L’analyse de Zemmour ne trouve toute sa pertinence et tout son sens qu’à la condition que soit préalablement pris en compte le niveau de formation et d’études des personnes concernées. Ce préalable étant posé, il est vrai que certains hommes aujourd’hui, sans être à proprement parler féminisés, ne sont pas insensibles à des polarités féminines, qu'ils ont, dans le meilleur des cas, assimilées. Sans pour autant perdre leur identité masculine. Ceci est très probablement l’effet indirect de l’émancipation des femmes. Et du nouveau statut de la femme dans la société. Au demeurant, cette émancipation (relativement récente) pose certes problème aux hommes (qui, bien que se sentant menacés, s’adaptent somme toute, de gré ou de force, pour la plupart d’entre eux), mais aussi aux femmes elles-mêmes, tout autant déboussolées par leur nouvelle liberté. Car si la période que nous vivons est fondamentalement une période de liberté, c’est aussi et surtout une période où se fait cruellement sentir l’absence de stabilité et de sérénité.
La dernière partie de l’article sur la violence des jeunes, celle des jeunes des banlieues en particulier, a beaucoup plus retenu mon attention. Mais là encore, à l’origine de cette violence exercée sur les femmes, il y a un déficit de développement intellectuel, lui-même à l’origine de l’incapacité et du refus de s’adapter à la société moderne. Qu’il s’agisse du jeune « blanc » qui n’accepte pas que sa petite amie ne se comporte pas avec lui comme sa mère avec son père, ou du jeune beur qui pense inconsciemment que ses problèmes viennent du délitement du modèle patriarcal nord-africain… Pour résoudre ces problèmes, c’est une véritable mission d’éducation qu’il faut mettre en place, plutôt que d’envisager un retour en arrière vers un plus de masculinité. Non, notre société n’a vraiment pas besoin d’une injection de testostérone.

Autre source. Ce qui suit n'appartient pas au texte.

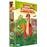Petit Dinosaure - Coffret série - Vol. 1, 2 et 3 - Pack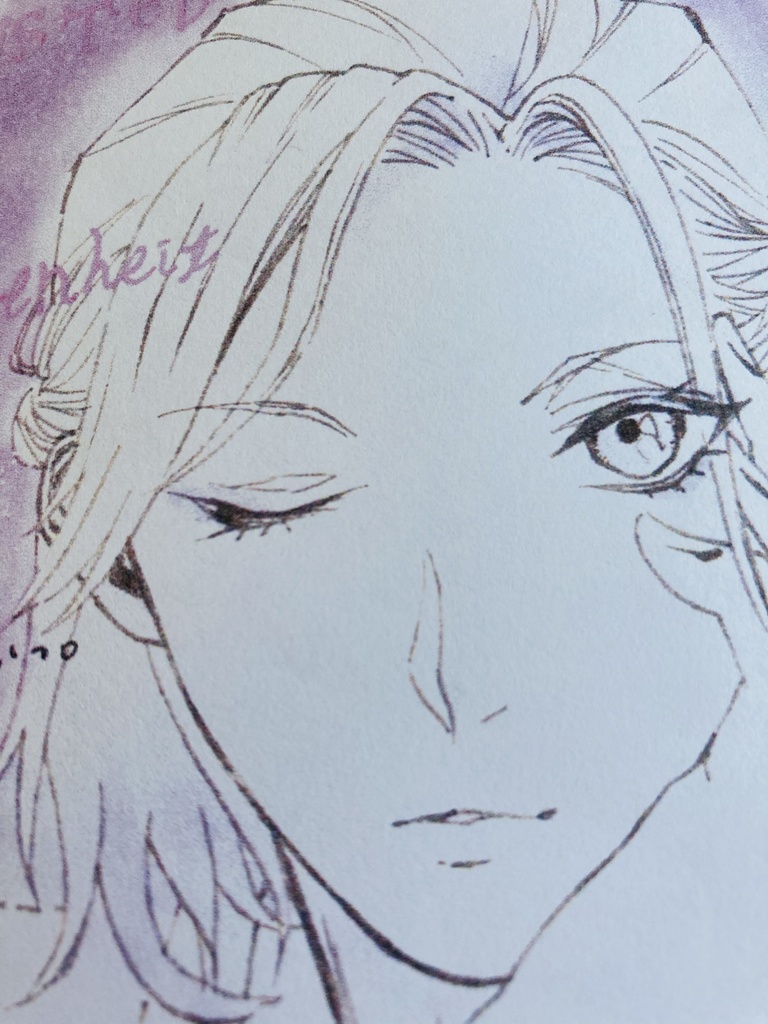 ⭐️ご購入前、ご覧ください【注意点】【お知らせ】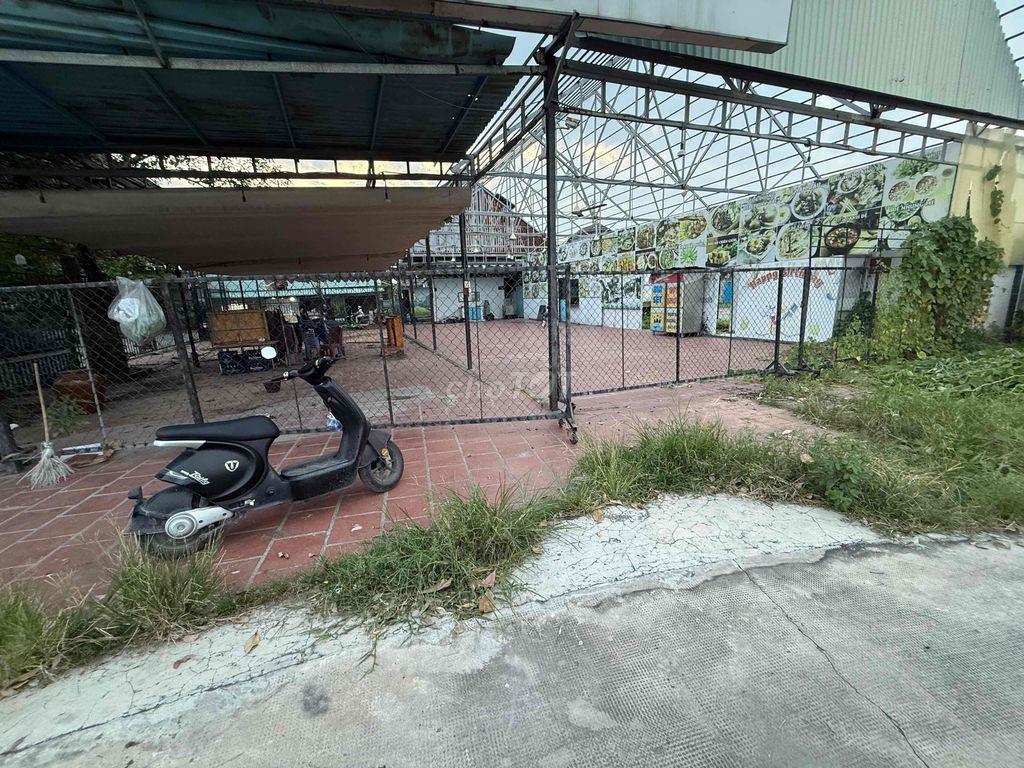 Bán đất Biệt Thự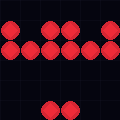 175.157.80.76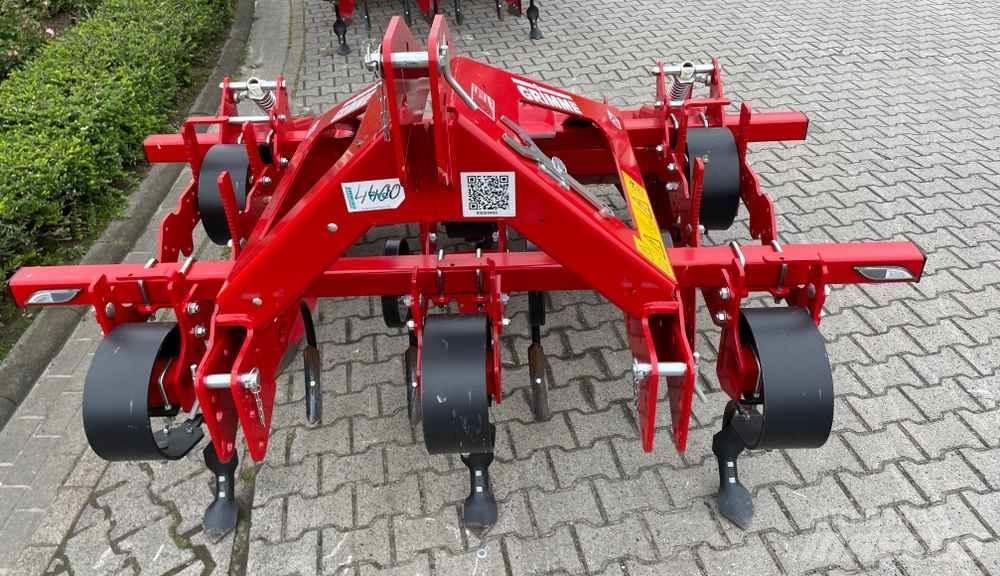 Grimme GH 2 Potato Equipment - Others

La conclusion de l'article me gêne. Je cite : « Eric Zemmour a mis le doigt sur une plaie qui nourrit notre malaise de civilisation : la fragilisation de l’identité masculine. » Une plaie ? S’il y a une réelle fragilisation, oui. Mais modification de l’identité masculine n’est pas nécessairement fragilisation. Passée la phase actuelle de changement, nous verrons clairement que l’homme n’est pas fragilisé. Il est seulement désacralisé et remis à une place d’égalité avec la femme, somme toute ni meilleure ni pire.
Pour conclure, je dirais que l’homme d’aujourd’hui, celui qui s’interroge tout en restant « mâle », est peut-être plus à chercher du côté de la chanson ou de la bande-dessinée. Ecoutons Bénabar. Qu’on l’aime ou non, beaucoup de jeunes gens entre 20 et 35 ans se retrouvent dans ses textes. Il faut aussi lire Le Combat Ordinaire de Manu Larcenet. L’homme de ce début de siècle, c’est lui.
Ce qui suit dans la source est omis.